• EXERCISE INSTRUCTIONS: Exactly the lines below from the line with "BL Cổ Trang" through the line with "Maya Appartement *" must make up the answer, both ends included and pictures left out.

==================================================

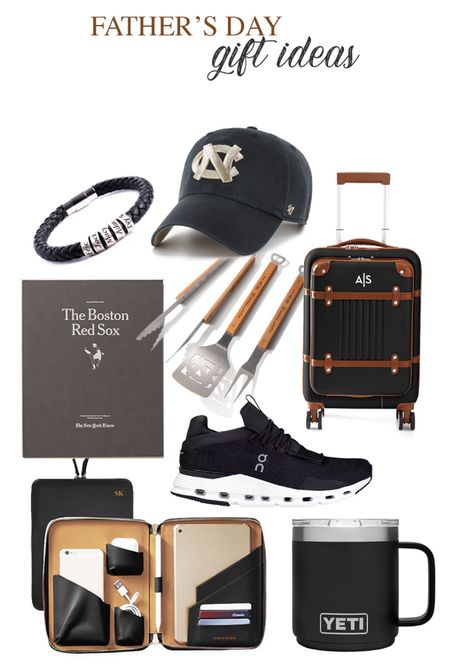 Some Father’s Day Gift Ideas... #fathersday #fathersdaygift #giftsfordad #dadgifts #giftideasfordad #fathergifts #mensgifts #mensgiftideas

#LTKMens #LTKSeasonal #LTKGiftGuide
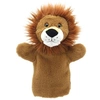 Image de - marionnette lion - 27 cm
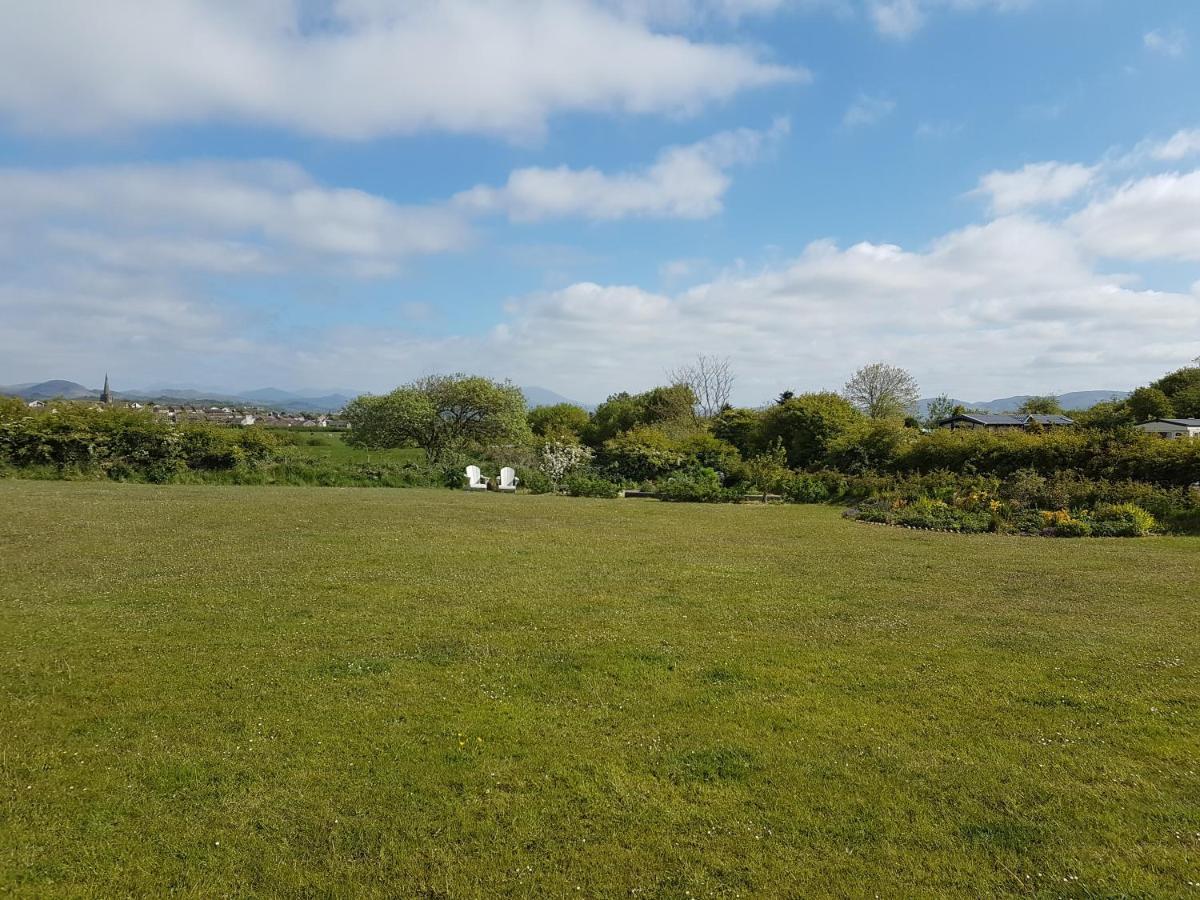 Holiday home Herdwicks *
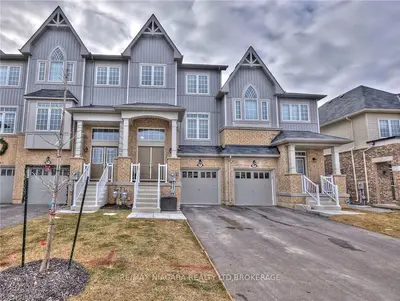 4082 FRACCHIONI Drive, Lincoln, ON L0R 1B4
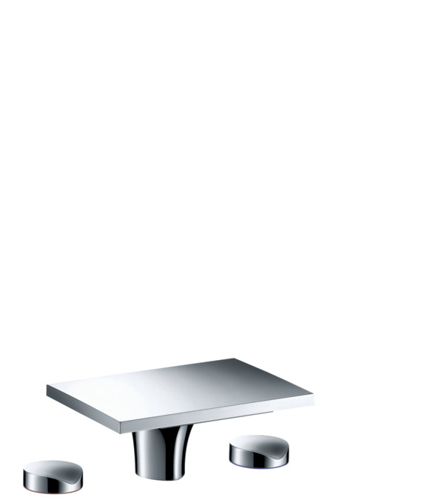 Slika od AX Massaud 3-hole basin mixer BBC null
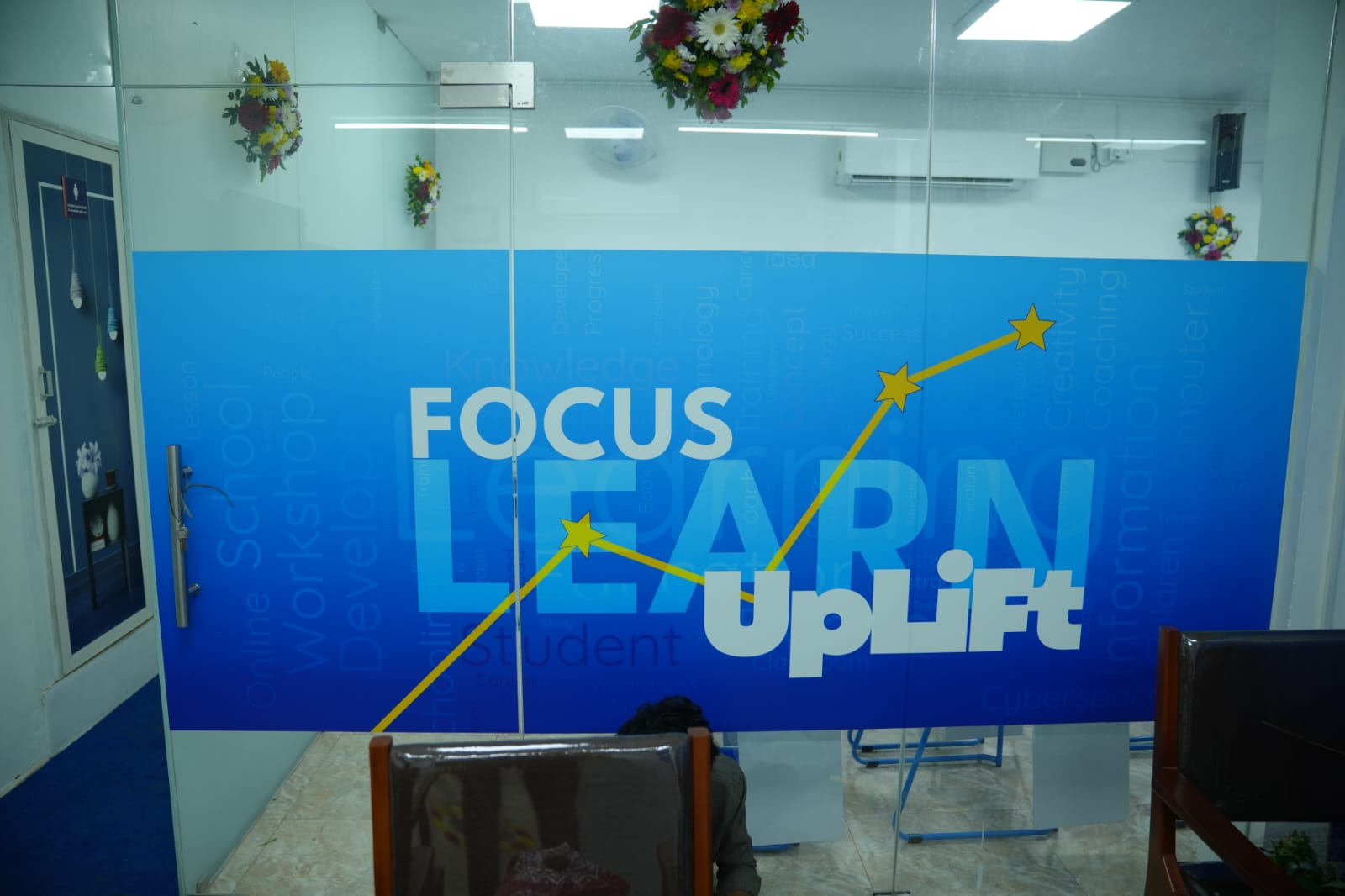 Administration Course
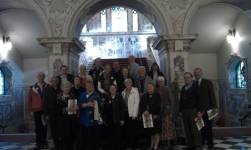 2014 Family History Conference - 6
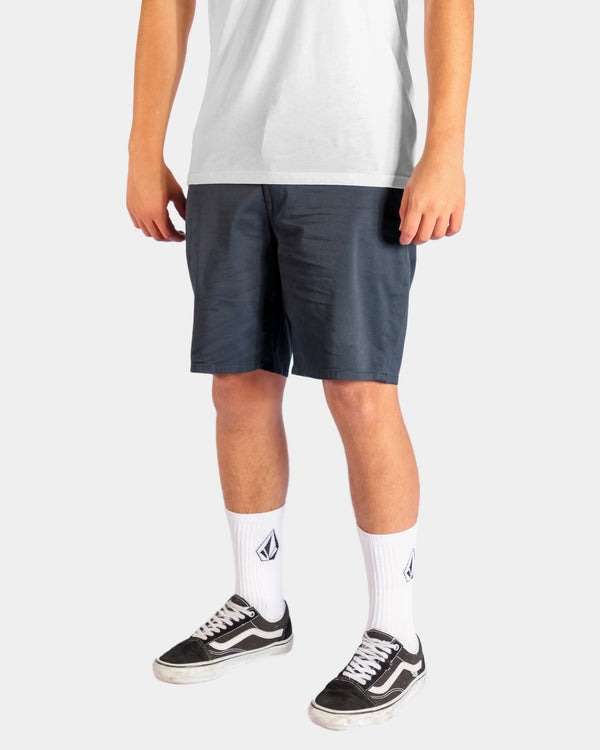 Mens V Kinkade Light Weight Short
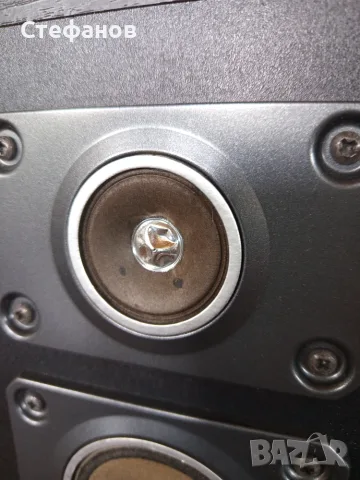 Тонколони JVC SP-X 440, снимка 3 - Тонколони - 56579703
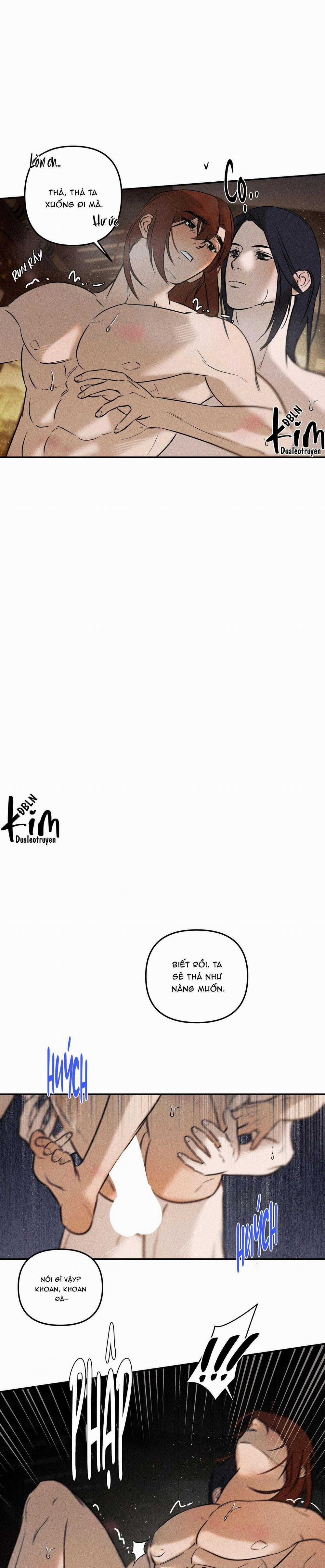 BL Cổ Trang - Âu Cổ Ngắn Nhà Kim 40.4 trang 6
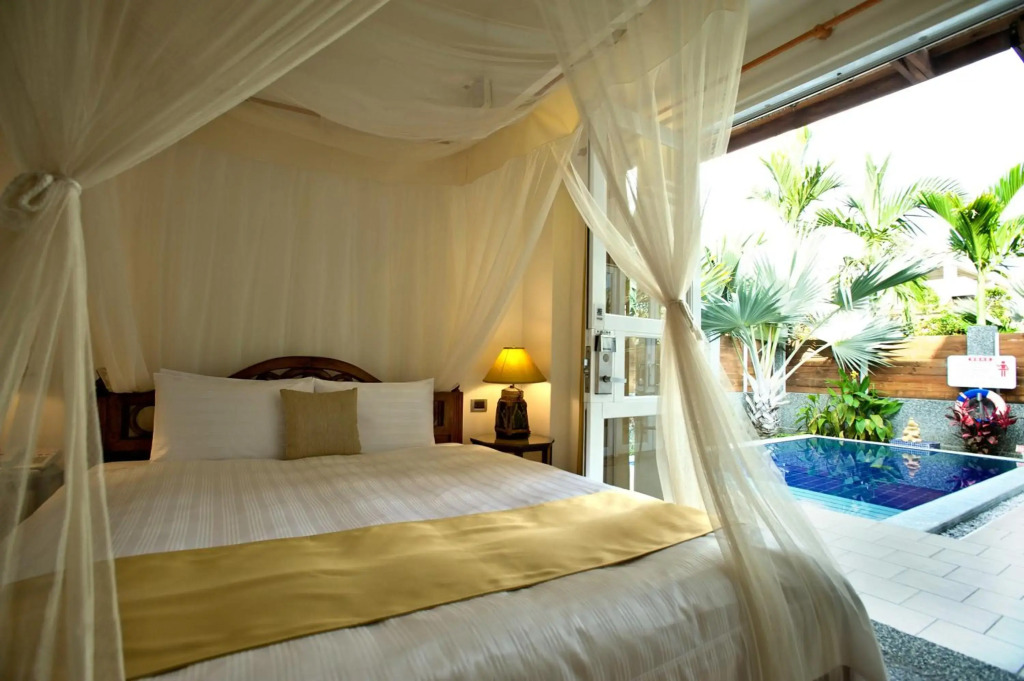 Papago International Resort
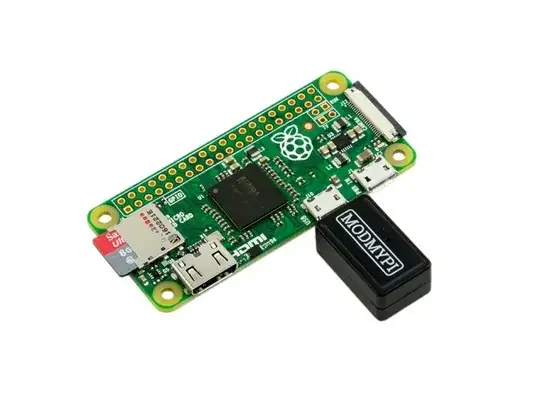Micro USB wifi dongle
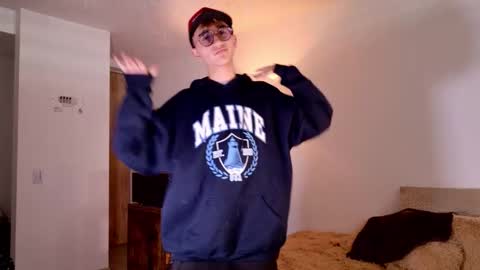 Snapshot of mr_evan1 chatting on November 7, 4:07 pm Mr Evans online show from November 7, 4:07 pm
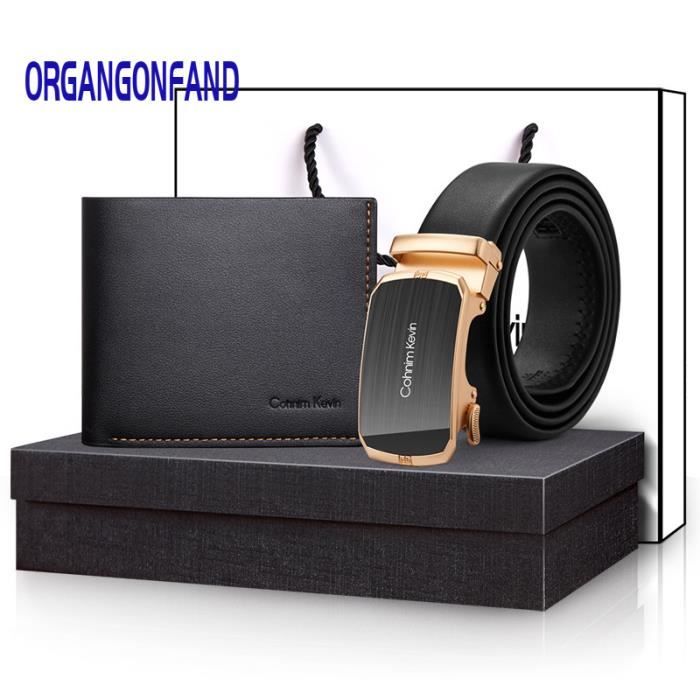 coffret-cadeau-l-gant-hommes-ceinture-portefeuille-costume-vacances
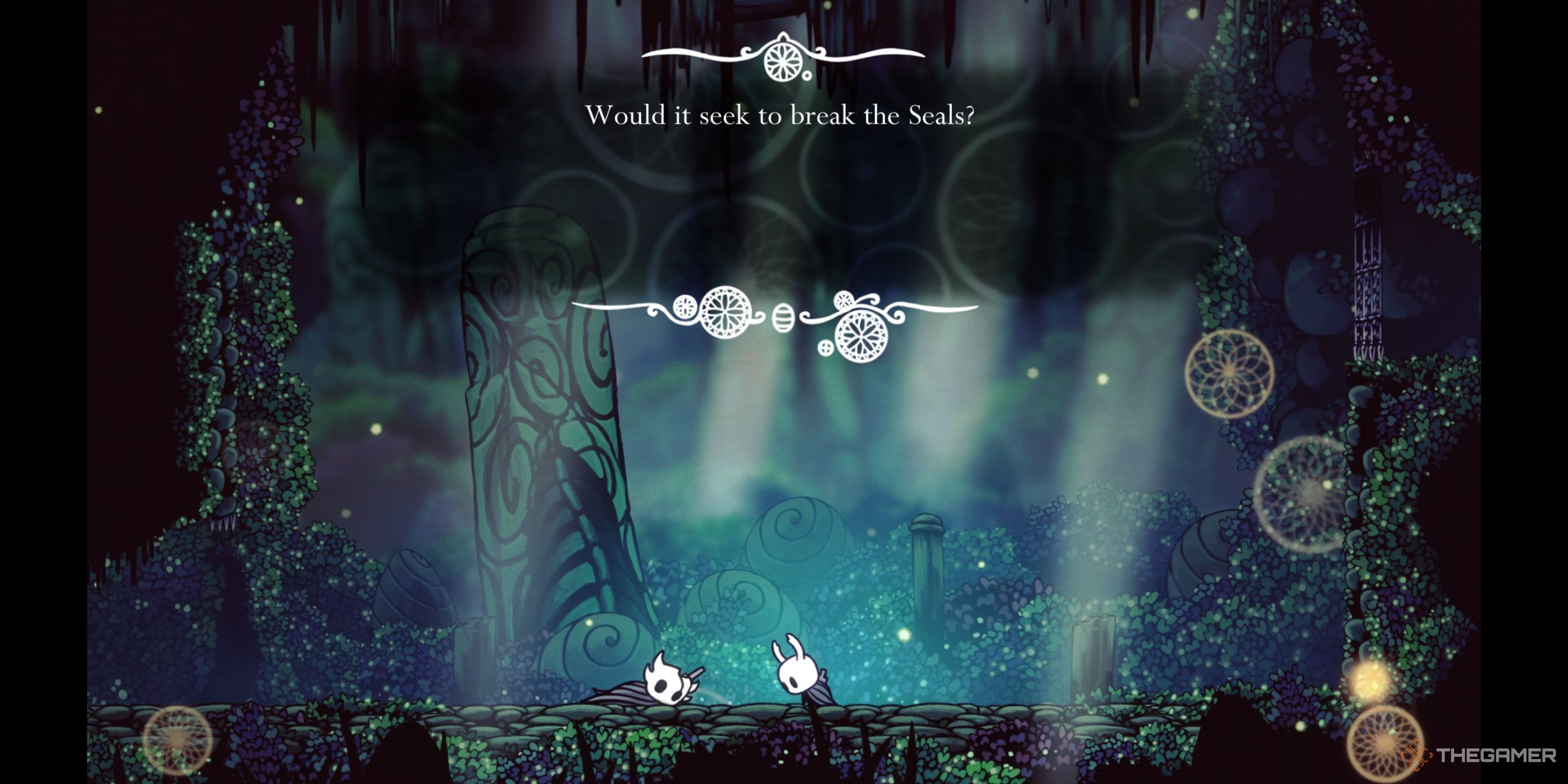 The Best Mods For Hollow Knight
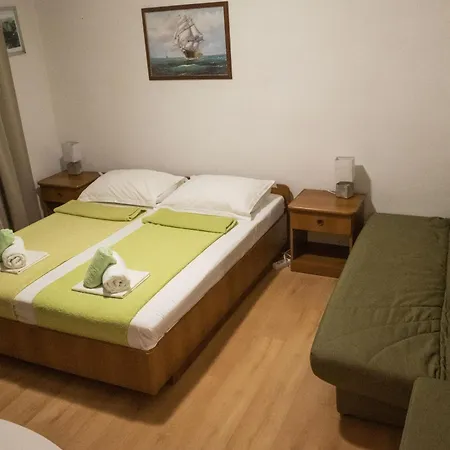 Maya Appartement *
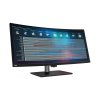 Monitor 39.7 ThinkVision P40w-20 Ultra-Wide Curved LCD 62DDGAT6EU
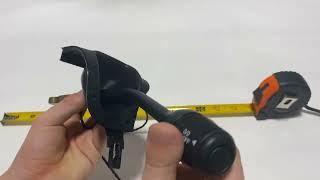 Ranger Explorer Auto Trans Gear Shifter Lever Handle With Overdrive Button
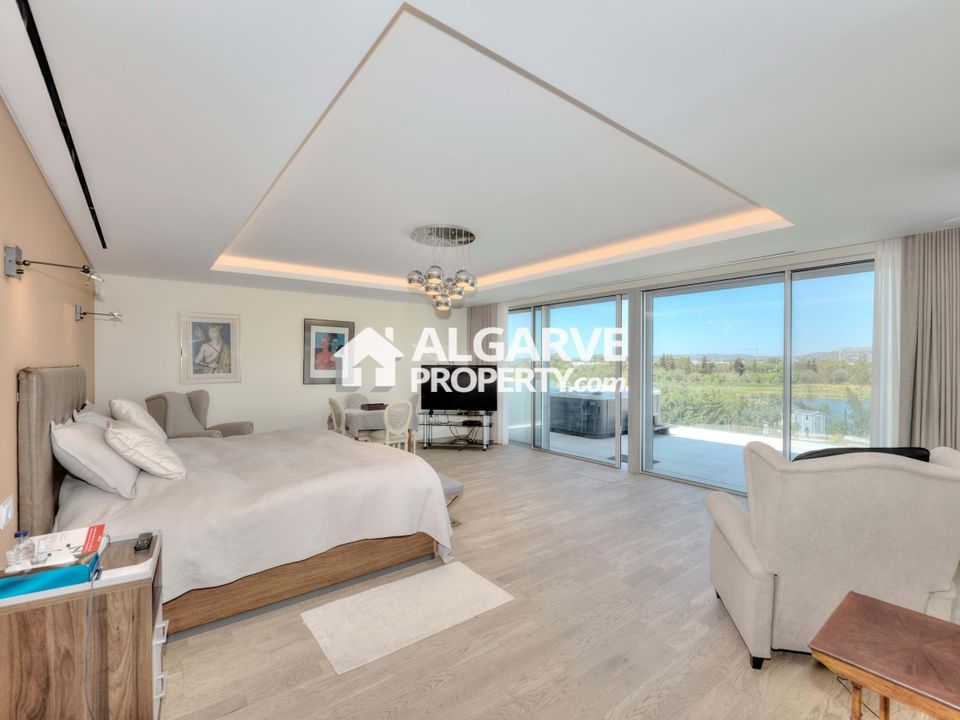 Villa i Quarteira, Faro - foto 4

==================================================

• EXERCISE SOLUTION:
 BL Cổ Trang - Âu Cổ Ngắn Nhà Kim 40.4 trang 6
 Papago International Resort
Micro USB wifi dongle
 Snapshot of mr_evan1 chatting on November 7, 4:07 pm Mr Evans online show from November 7, 4:07 pm
 coffret-cadeau-l-gant-hommes-ceinture-portefeuille-costume-vacances
 The Best Mods For Hollow Knight
 Maya Appartement *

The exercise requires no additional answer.